The socialists wanted to replace capitalism with their own system. They founded political parties in democratic countries and began to explain their doctrine and recruit members, especially among industrial workers. In nondemocratic countries like Russia, they founded undercover socialist movements.
From the start, the socialists were split into two camps, which agreed on aims but disagreed strongly on the methods of attaining them. In the democratic countries of the West, socialism was evolutionary: its leaders wanted to come to power peacefully by electing enough socialists to take over the government. In nondemocratic countries, whose rulers ruthlessly strove to stamp out the movement, socialism was revolutionary. Revolutionary socialists saw capitalism not as a rival to be overcome by votes, but as an enemy to be overthrown by force. This militant brand of socialism was also called communism, after the brief and bloody attempt to set up a workers’ government in the Paris Commune of 1871.

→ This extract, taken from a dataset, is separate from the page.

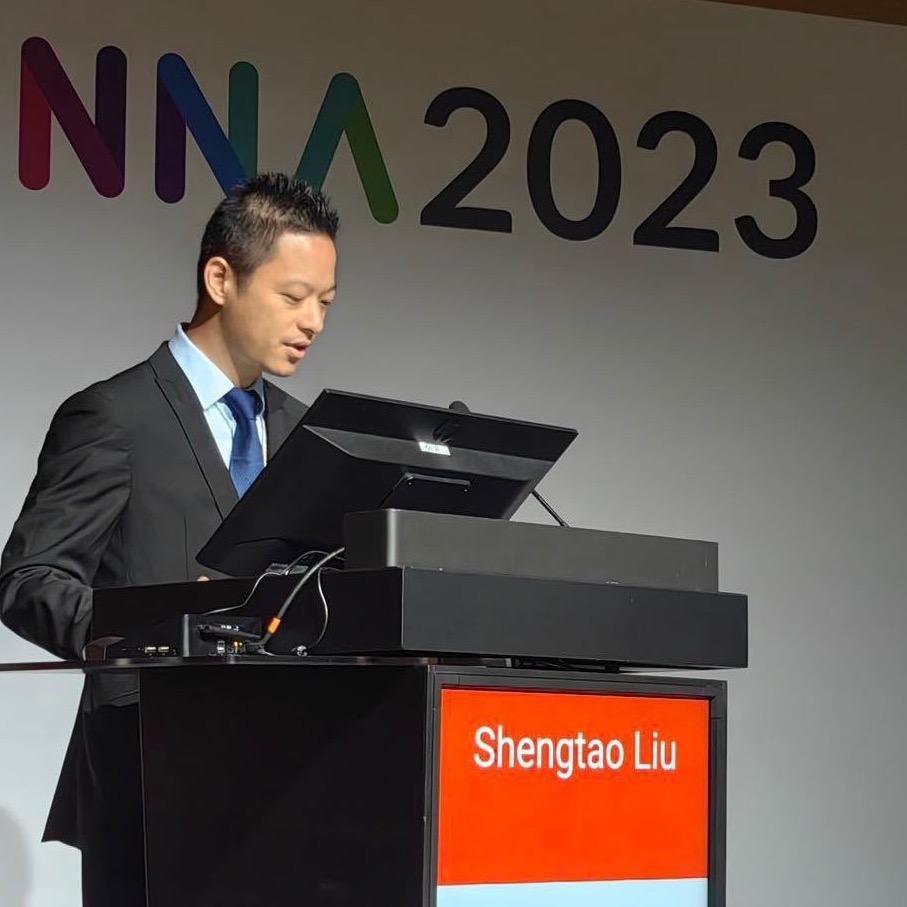 复旦大学博士后刘盛涛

Evolutionary socialism rapidly gained followers in the advanced industrial countries of continental Europe, especially France, Germany and Belgium. There, socialists controlled the unions and many socialists were elected to the national law-making bodies. Although no socialist party succeeded in winning control of a government, the socialists in the national parliaments were numerous enough to influence government policy. The evolution to socialism which businessmen dreaded did not take place, but many socialist proposals were adopted, further easing the lot of workers and poor citizens. The German socialists were particularly successful and in Germany a broad program of social benefits was written into law.
Socialism had few followers in the United States, where it was easier to acquire property and set up small businesses than in Europe. Most Americans looked on socialism as something foreign and the American Socialist party remained weak in numbers and strength. Socialist ideas, however, strongly influenced the “grass-roots” movement of farmers and labourers known as Populism, which flourished in the Middle West and West and reached a peak of political strength early in the twentieth century.

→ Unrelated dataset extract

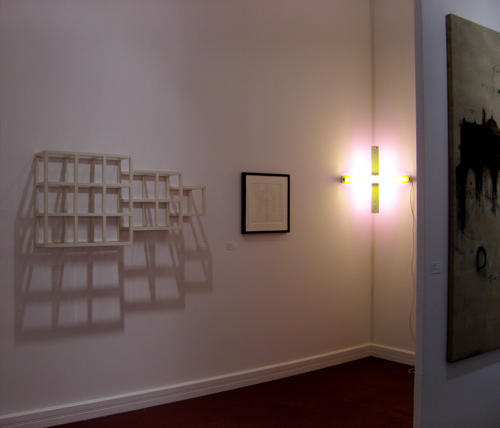 March 07 - March 16, 2008 - Installation view - Te...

In Great Britain, too, socialism made little headway. Although the British unions were much stronger, richer and more firmly established than those of any other country, they were also more conservative. British working men had no political tradition and tended to resist new ideas, especially if they came from abroad. For years, union leaders and members alike remained indifferent to socialism.
Meanwhile, however, socialist ideas gained favour among liberal minded men and women of the middle class and even the upper class. In 1906, the Labour Party was founded, on a program of socialist principles. Gradually the working class and the labour unions came to support the Labour party. Thereafter, control of the party remained mostly in the hands of union leaders. Thus, in Great Britain, the unions dominated the socialists, while on the continent the socialists dominated the unions.